_Description of the task_.
I need every line from the start of the material below up to and including the line containing "Sony Vaio SVE1711V1R, SVE1711W1E, SVE1711X1E", restated exactly, with the pictures omitted.
===============
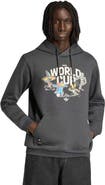 adidas Men's adidas  Gray FIFA World Cup Historic Mascot Hoodie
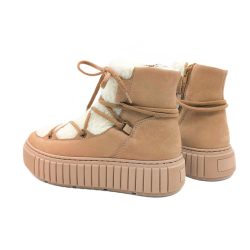 Werner 1911 Bio Boot Capybara beige mit Nubukleder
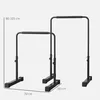 HOMCOM Liegestützgriffe 2er Set 80-100 cm Höhenverstellbar Produktbild-Vorschau 3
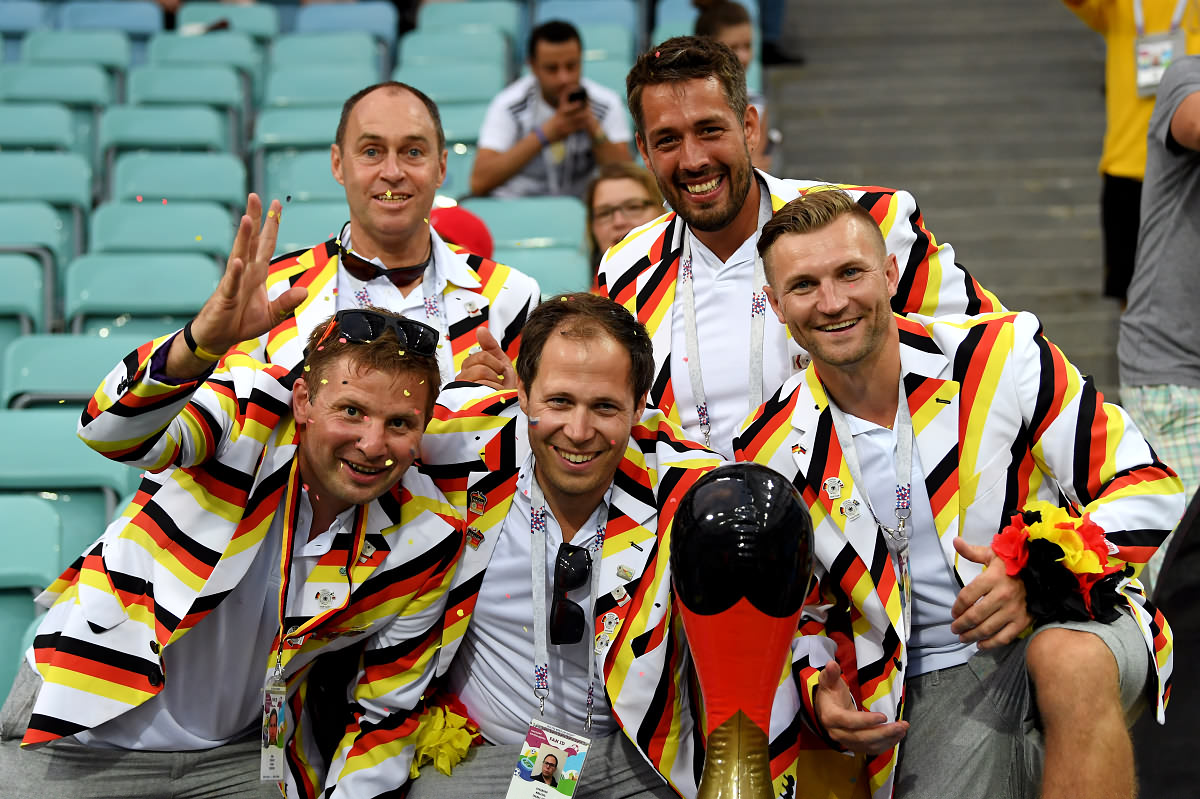 ЧМ-2018. Германия — Швеция 2:1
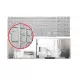 Sony Vaio SVE1711V1R, SVE1711W1E, SVE1711X1E Notebook Klavye Işıklı (Beyaz TR)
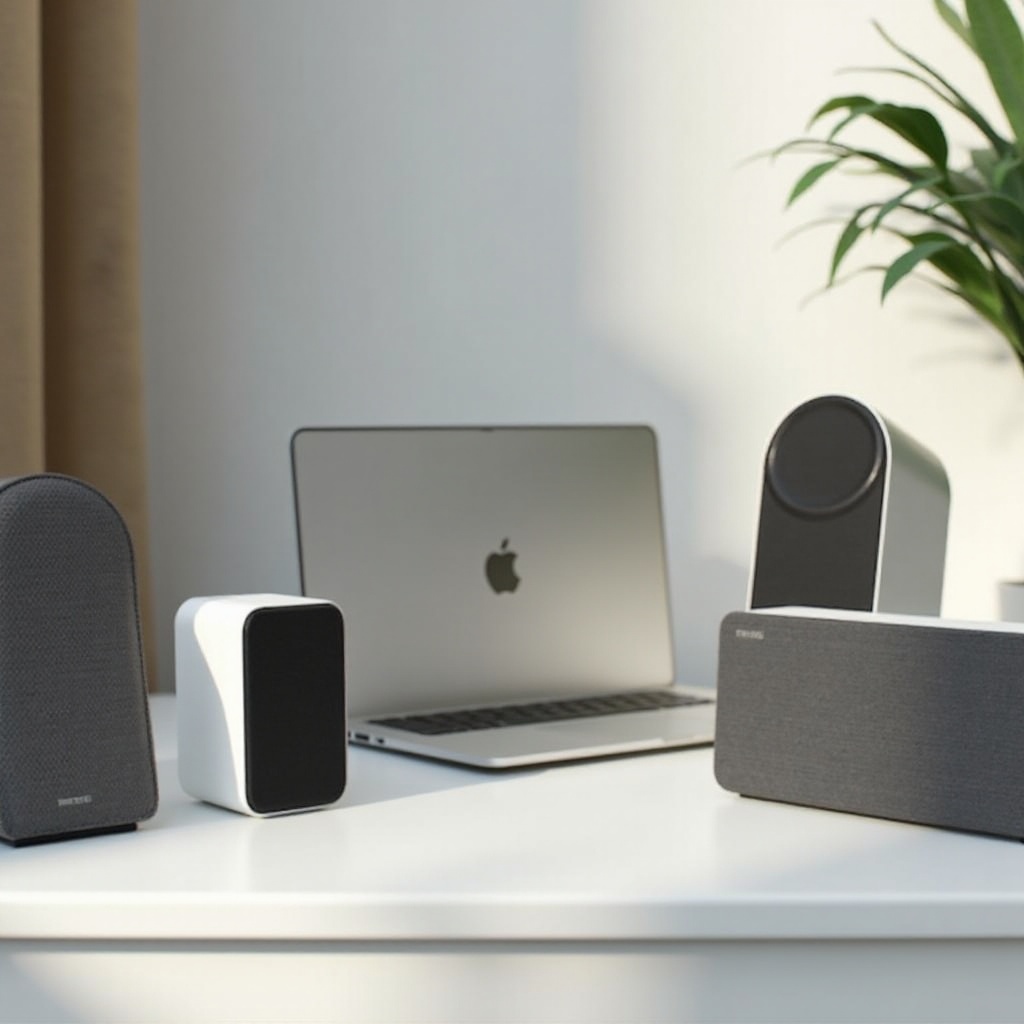 altavoces externos para MacBook Air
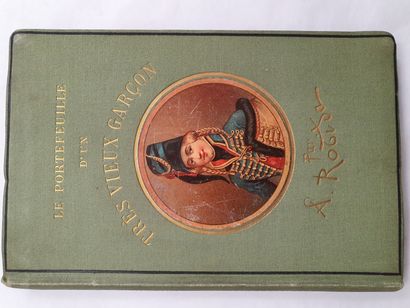 ROBIDA (Albert). Le Portefeuille d'un très vieux garçon. Paris, Librairie illustrée,...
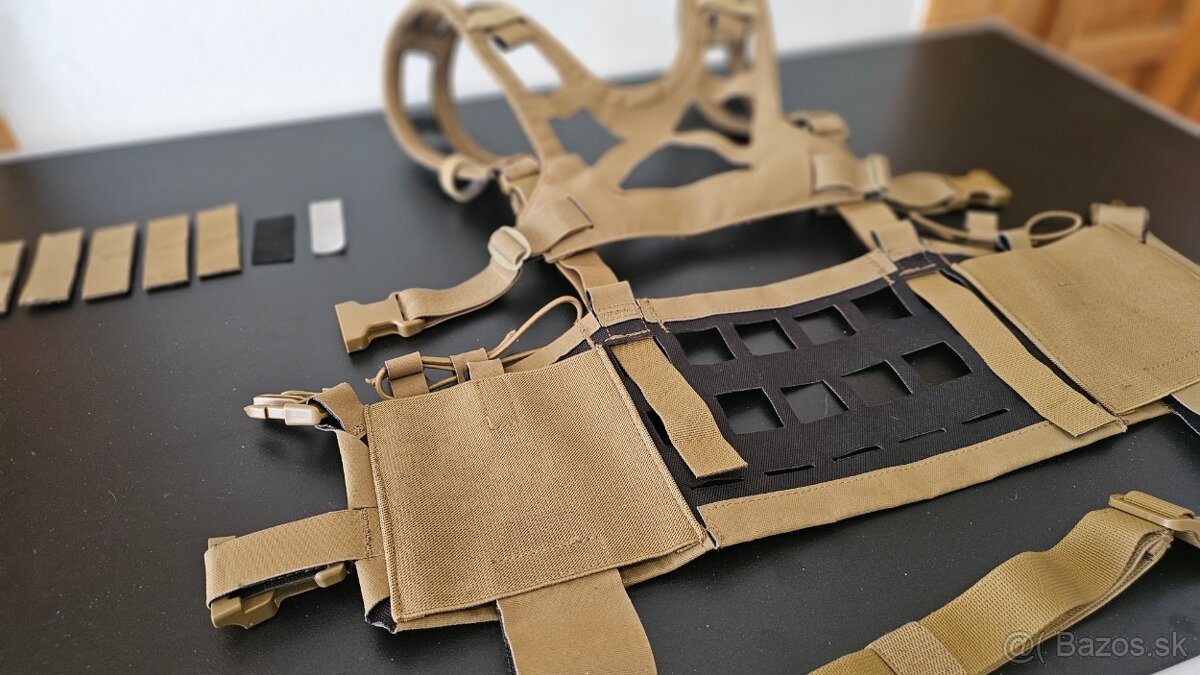 CRYE PRECISION AIRLITE CONVERTIBLE CHEST RIG (replika) - 13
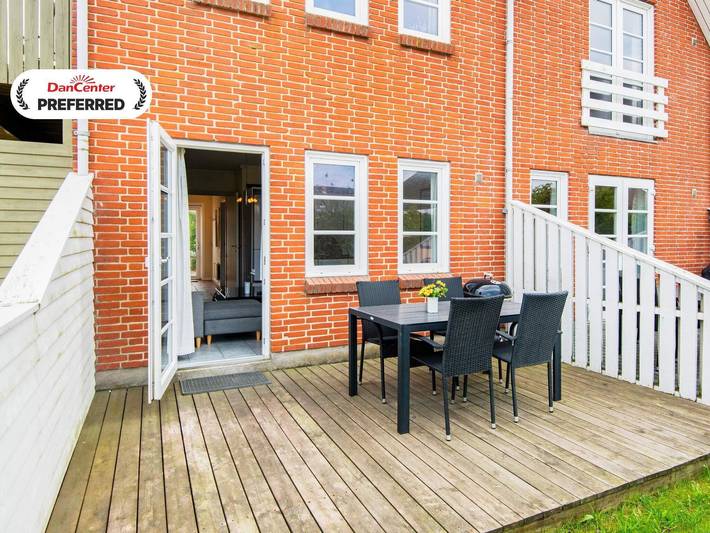 Ferienwohnung für 4 Personen, mit Pool und Terrasse, mit Haustier auf Rømø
===============
_Solution to this problem_.
 adidas Men's adidas  Gray FIFA World Cup Historic Mascot Hoodie
 Werner 1911 Bio Boot Capybara beige mit Nubukleder
 HOMCOM Liegestützgriffe 2er Set 80-100 cm Höhenverstellbar Produktbild-Vorschau 3
 ЧМ-2018. Германия — Швеция 2:1
 Sony Vaio SVE1711V1R, SVE1711W1E, SVE1711X1E Notebook Klavye Işıklı (Beyaz TR)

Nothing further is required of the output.